- **About this exercise**
Whenever a picture appears in the listing below, leave it out, and copy exactly the lines from the one containing "Moxiclear for Puppies" through the end.

- **Data**
»»

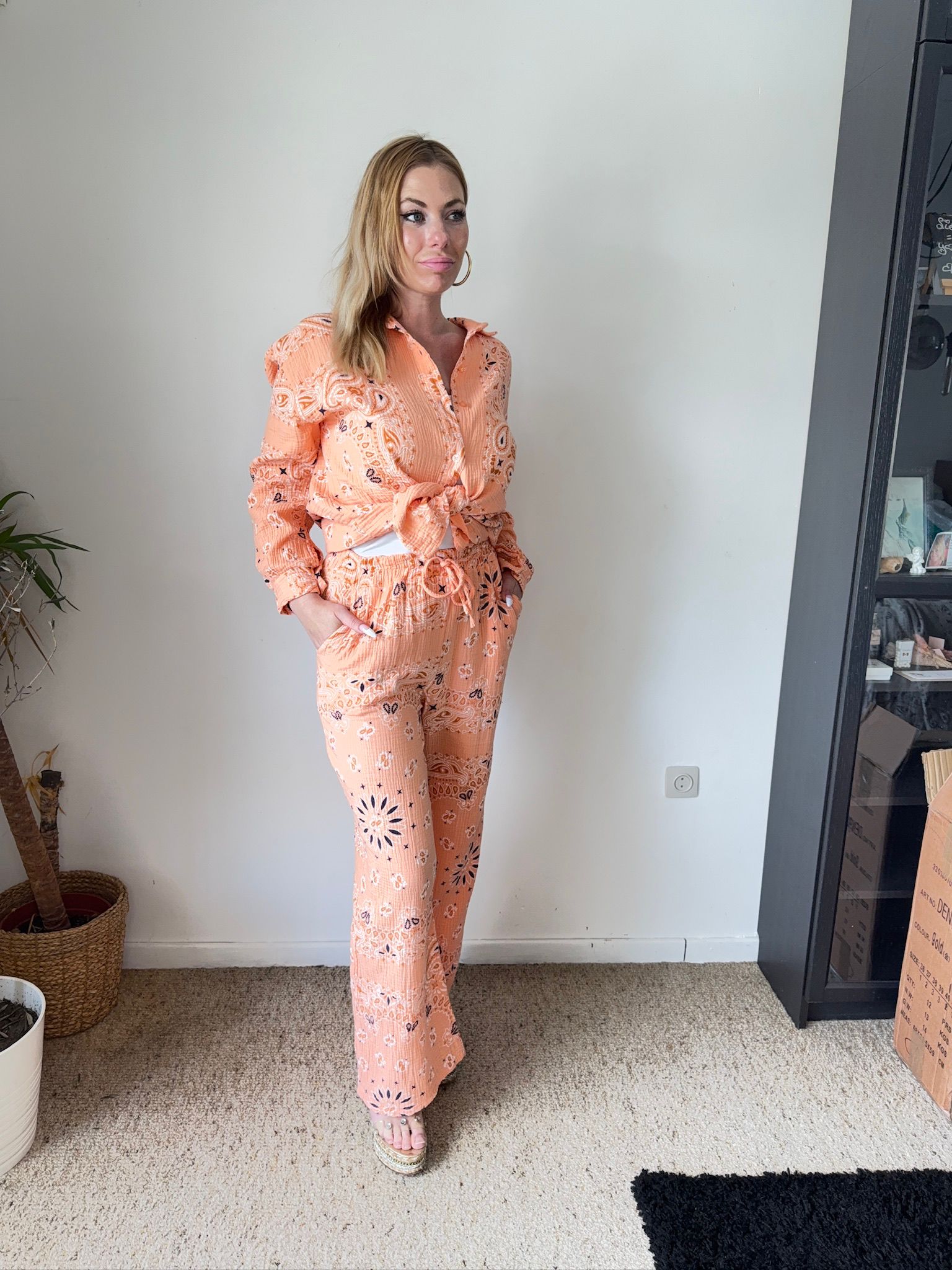 Matching set paisley print
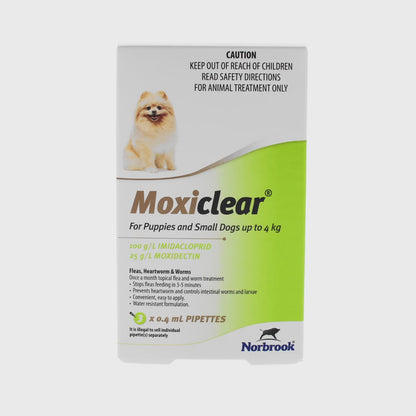 Moxiclear for Puppies & Small Dogs up to 4kg (6pk)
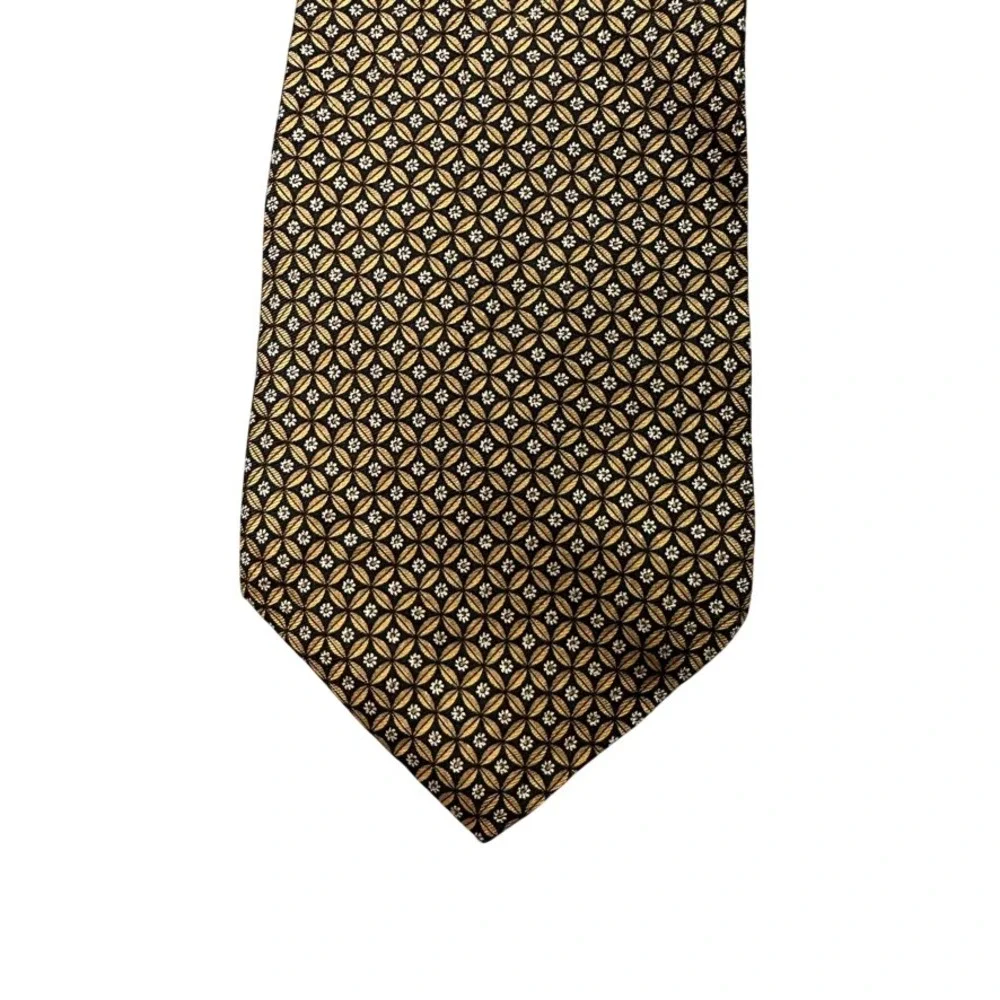 Jos A Bank Corporate Collection Silk Tie Gold Black Geometric Floral Medallion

««

- **Written answer**
 Moxiclear for Puppies & Small Dogs up to 4kg (6pk)
 Jos A Bank Corporate Collection Silk Tie Gold Black Geometric Floral Medallion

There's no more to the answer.